[[ THE DATA open ]]

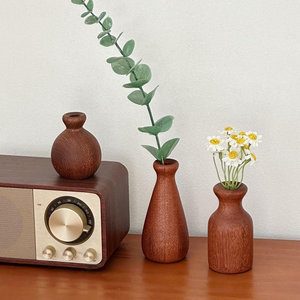 Jarrones Antiguos de Madera Maciza Personalizables para Flores Secas, Ligeros, para el Hogar, Tienda, Restaurante, Decoración de Año Nuevo Chino, Venta al por Mayor - Product Image 6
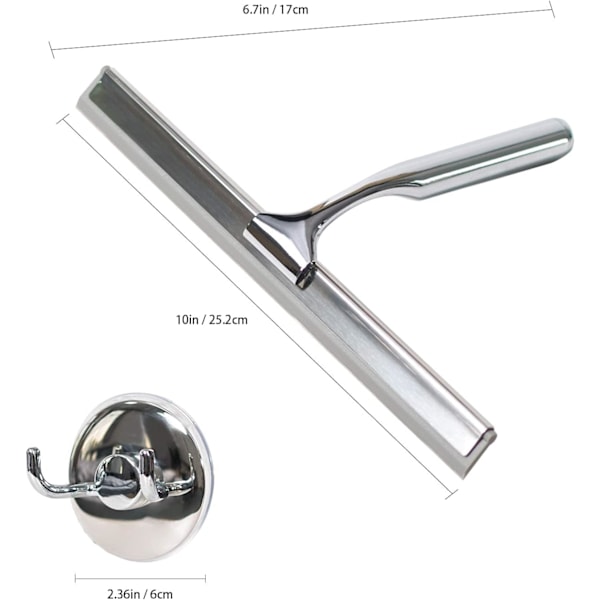 Duschraka, fönsterraka, rostfritt stål torkarblad med stark sugkrok för badrum, kök, fönster och glasrengöring, 10\"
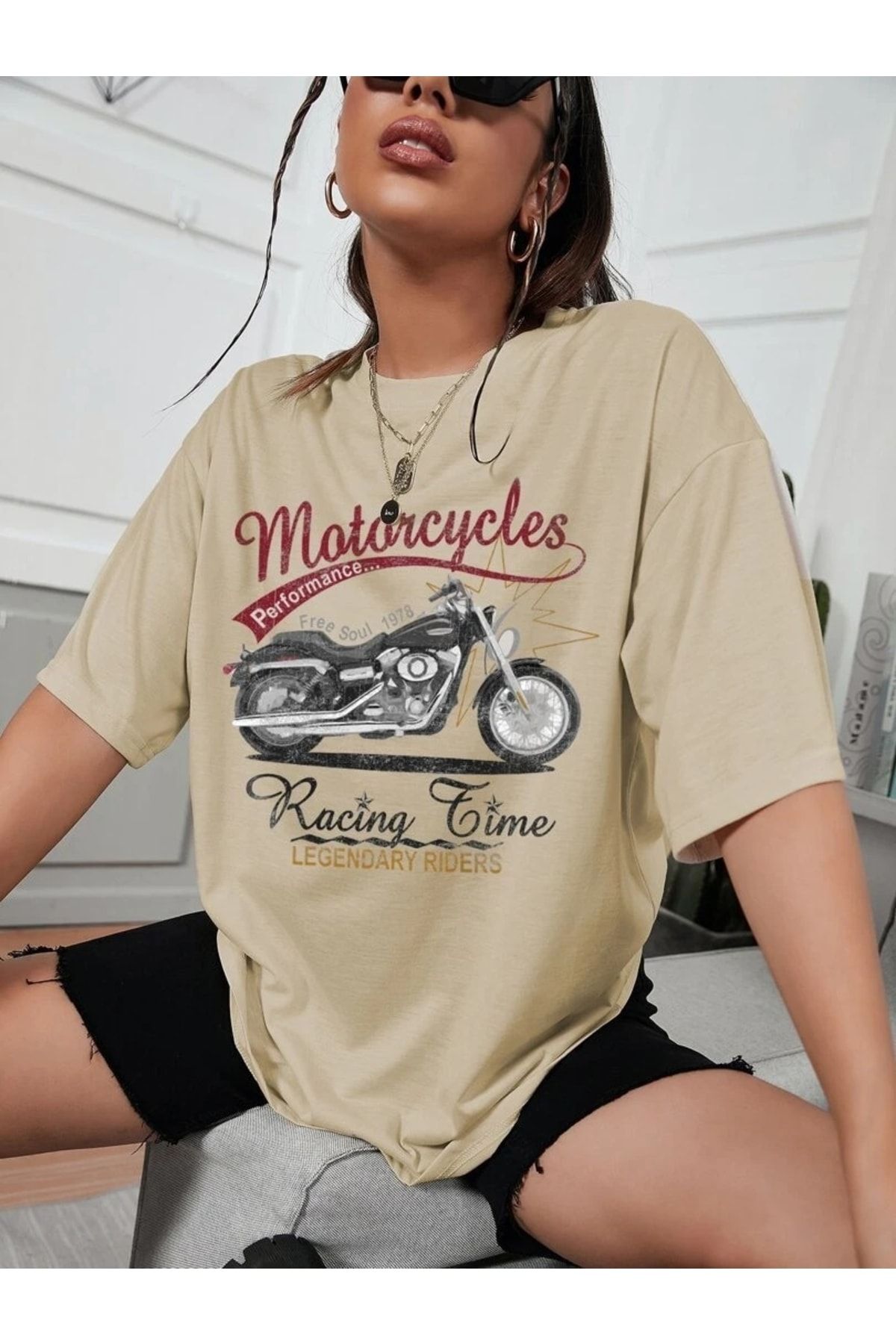 DUBU BUTİK Unisex Vizon Pamuklu Oversize T-shirt Motorsiklet Baskılı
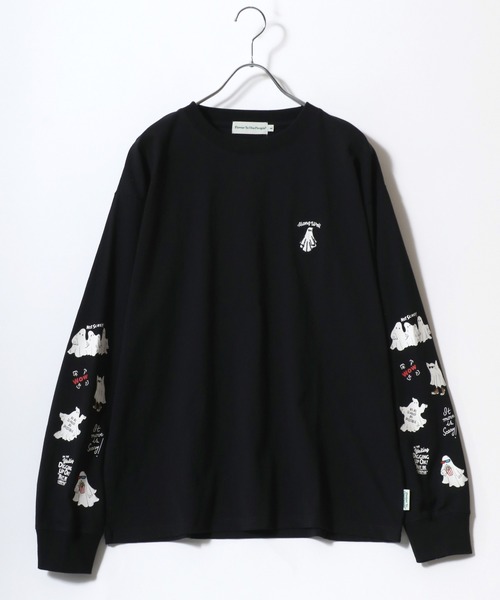 POWER TO THE PEOPLE（パワートゥーザピープル）の「2026SS POWER TO THE PEOPLE/パワートゥザピープル オバケ ネコ ワンポイント刺繍 袖プリント オーバーサイズロンT 長袖 レディース メンズ（Tシャツ/カットソー・メンズ・ホワイト/ホワイト系その他/グレー系その他/ブラック/グレー系その他2/ブラック系その他・LL/M/L）」の8枚目の写真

[[ THE DATA closed ]]

## WORK INSTRUCTIONS
With pictures left out, repeat exactly the lines from the one containing "Duschraka, fönsterraka, rostfritt" through the last line of the data above, inclusive, and nothing else.

## FINISHED TASK
 Duschraka, fönsterraka, rostfritt stål torkarblad med stark sugkrok för badrum, kök, fönster och glasrengöring, 10\"
 DUBU BUTİK Unisex Vizon Pamuklu Oversize T-shirt Motorsiklet Baskılı
 POWER TO THE PEOPLE（パワートゥーザピープル）の「2026SS POWER TO THE PEOPLE/パワートゥザピープル オバケ ネコ ワンポイント刺繍 袖プリント オーバーサイズロンT 長袖 レディース メンズ（Tシャツ/カットソー・メンズ・ホワイト/ホワイト系その他/グレー系その他/ブラック/グレー系その他2/ブラック系その他・LL/M/L）」の8枚目の写真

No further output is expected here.